Every specimen they catch widens the known population of its species and improves understanding of critical habitat. For example, dragonflies that thrive in bogs benefit from a lack of predators and competition. Because these waters have no fish, aquatic nymphs are safer and have more to eat. They are adapted to living in waters that are low in oxygen, acidic, and shallow enough to freeze all the way to the bottom. How the larvae live through deep winter frost is one of many dragonfly unknowns. "We have no idea," Mead says.

Adult dragonflies are agile aviators, built to chase down and eat other flying insects. "Dragonflies are considered the world's best fliers," says Mead. "They are not the fastest, but nothing else can maneuver quite like a dragonfly."
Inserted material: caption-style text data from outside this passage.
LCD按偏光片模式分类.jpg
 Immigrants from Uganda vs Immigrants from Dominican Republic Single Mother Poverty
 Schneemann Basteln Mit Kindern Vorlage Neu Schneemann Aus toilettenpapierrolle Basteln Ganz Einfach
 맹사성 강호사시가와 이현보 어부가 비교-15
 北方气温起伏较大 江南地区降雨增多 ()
Unlike other insects, dragonflies have direct tendon connections from wing to muscle, giving them incredible power and maneuverability. Their eyes have up to 30,000 lenses; some act like polarized sunglasses to reduce glare. This lets dragonflies see their prey as bright specks of light, even in shimmering sunlight around water. Agility and vision are indispensable when pursuing airborne prey.

Adult dragonflies may not actually eat as many mosquitoes as people wish, because they are most active in midday and mosquitoes like dawn and dusk. But the carnivorous dragonfly nymphs are ferocious hunters in their own right and will devour mosquito larvae. The massive dragonhunter (Hagenius brevistylus), found throughout Minnesota, eats other dragonflies and, Mead says, will even attack a hummingbird.

The Chase. The dragonfly surveyors are heading as directly as possible to longitude and latitude coordinates a half-mile from where the road peters out. A botanist has told them about a calcareous fen, a bog where cold water rises out of the ground rich in calcium, the necessary condition for certain rare plants and some uncommon species of dragonflies.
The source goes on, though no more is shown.